In the depletion-load NMOS logic realization in the middle below, the switches are the transistors T2 and T3, and the transistor T1 fulfills the function of the pull-up resistor.

In the CMOS realization on the right below, the switches are the n-type transistors T3 and T4, and the pull-up resistor is made up of the p-type transistors T1 and T2, which form the complement of transistors T3 and T4.

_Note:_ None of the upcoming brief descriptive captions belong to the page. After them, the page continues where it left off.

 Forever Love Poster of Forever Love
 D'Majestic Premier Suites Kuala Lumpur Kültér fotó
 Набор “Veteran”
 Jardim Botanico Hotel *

Realization of NAND gates in different logic families
Implementation using switches and a pull-up resistor
NMOS
CMOS

In CMOS, NAND gates are more efficient than NOR gates. This is due to the faster charge mobility in n-MOSFETs compared to p-MOSFETs, so that the parallel connection of two p-MOSFETs (T1 and T2) realised in the NAND gate is more favourable than their series connection in the NOR gate. For this reason, NAND gates are generally preferred over NOR gates in CMOS circuits.

== Hardware design and pinout ==

Diagram of the NAND gates in a CMOS type 4011 integrated circuit

NAND gates are basic logic gates, and as such they are recognised in TTL and CMOS ICs.

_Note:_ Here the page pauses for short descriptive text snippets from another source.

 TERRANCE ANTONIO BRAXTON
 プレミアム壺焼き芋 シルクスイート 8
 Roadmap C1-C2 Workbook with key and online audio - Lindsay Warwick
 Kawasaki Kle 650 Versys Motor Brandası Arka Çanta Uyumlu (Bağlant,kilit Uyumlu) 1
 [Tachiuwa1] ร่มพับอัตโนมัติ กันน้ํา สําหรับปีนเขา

The standard, 4000 series, CMOS IC is the 4011, which includes four independent, two-input, NAND gates. These devices are available from many semiconductor manufacturers. These are usually available in both through-hole DIL and SOIC formats. Datasheets are readily available in most datasheet databases.

The standard two-, three-, four- and eight-input NAND gates are available:

- CMOS
  - 4011: Quad two-input NAND gate
  - 4023: Triple three-input NAND gate
  - 4012: Dual four-input NAND gate
  - 4068: Mono eight-input NAND gate
- TTL
  - 7400: Quad two-input NAND gate
  - 7410: Triple three-input NAND gate
  - 7420: Dual four-input NAND gate
  - 7430: Mono eight-input NAND gate

== Functional completeness ==

Construction of a NAND gate from NOR gates

The NAND gate has the property of functional completeness, which it shares with the NOR gate. That is, any other logic function (AND, OR, etc.) can be implemented using only NAND gates. An entire processor can be created using NAND gates alone. In TTL ICs using multiple-emitter transistors, it also requires fewer transistors than a NOR gate.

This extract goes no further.